Sometimes I wonder how much of ourselves we leave in a house we've lived in. I don't mean the hairs, the fingernails, the lost earrings that'll live in some forgotten corner until the house is finally torn down. I mean, how much of our selves do we leave in a house we've lived in?
Our house had already raised one family, at least, when we moved in. Sometimes I think it's like an old mother, finished raising a crowd of rambunctious children, surprised to suddenly find herself handling a brand new set.

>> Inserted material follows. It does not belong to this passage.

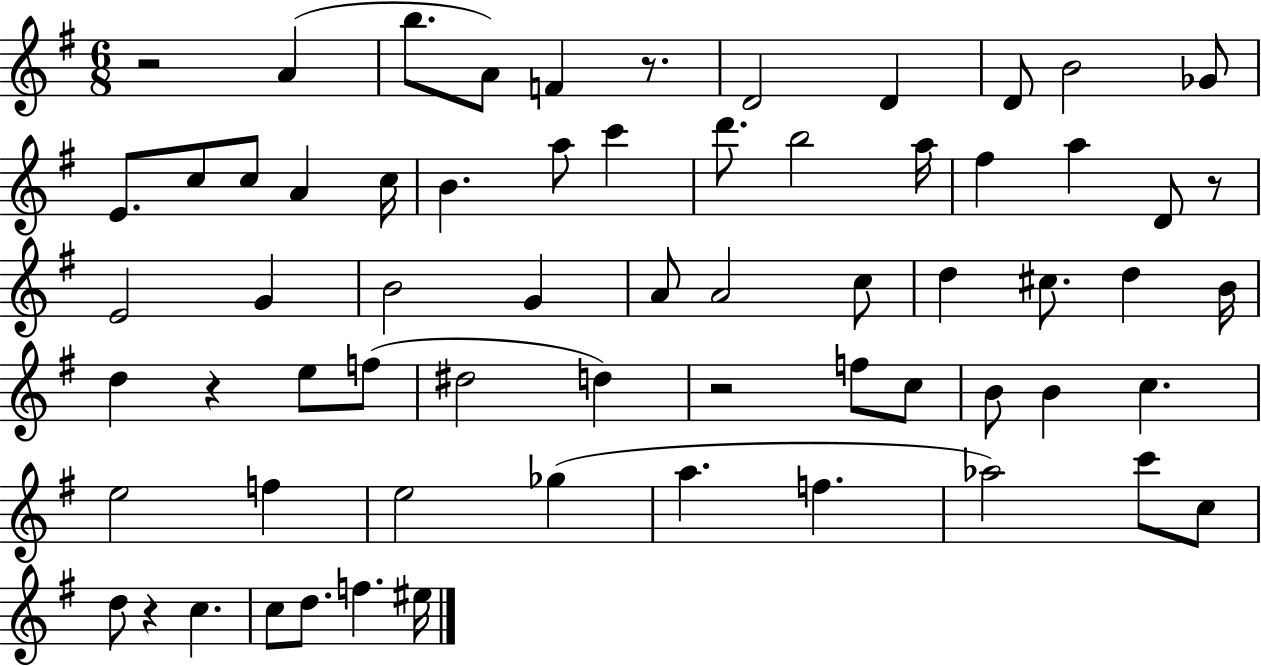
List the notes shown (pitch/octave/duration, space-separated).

R/h A4/q B5/e. A4/e F4/q R/e. D4/h D4/q D4/e B4/h Gb4/e E4/e. C5/e C5/e A4/q C5/s B4/q. A5/e C6/q D6/e. B5/h A5/s F#5/q A5/q D4/e R/e E4/h G4/q B4/h G4/q A4/e A4/h C5/e D5/q C#5/e. D5/q B4/s D5/q R/q E5/e F5/e D#5/h D5/q R/h F5/e C5/e B4/e B4/q C5/q. E5/h F5/q E5/h Gb5/q A5/q. F5/q. Ab5/h C6/e C5/e D5/e R/q C5/q. C5/e D5/e. F5/q. EIS5/s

The last family that lived here had two little boys. Over the two years we've been here, I've seen trace of them here and there. On a windowsill:
And, inexplicably enough, carved on the stairs to the side door, this:
Initials I understand. Boys are boys. But the KKK is a mystery. Was there an event, or just boredom that caused a little boy to take a nail, or some other blunt tool, and carve the most sinister thing he could imagine in such a public place? I imagine he’d heard a reference to the KKK somewhere, it stewed around in his brain for a while, and finally found expression on a long summer afternoon when there was nothing else to do…
Soon after we moved in, two quiet grown men showed up to haul away some junk from a shed behind the house. Now I mentally probe my recollection of them to see if they match the part of themselves that they left here. No, those men grew up, moved on, and learned not to carve their initials in things. The boys that still live here are young, untrained, and bored. Sometimes when I’m cleaning the windowsill or the counter with the initials forever etched there, I almost think I can see them slipping around a corner with a guilty expression.
And so I wonder. How much of myself is left in the house where I grew up? Do the strangers who live there now pass a place or two in the house where a mute reminder provides a fuzzy snapshot of the child I was then? I’ll never know. The doors to that house are closed to me now. But of one thing I am sure. I never carved “KKK” in anything.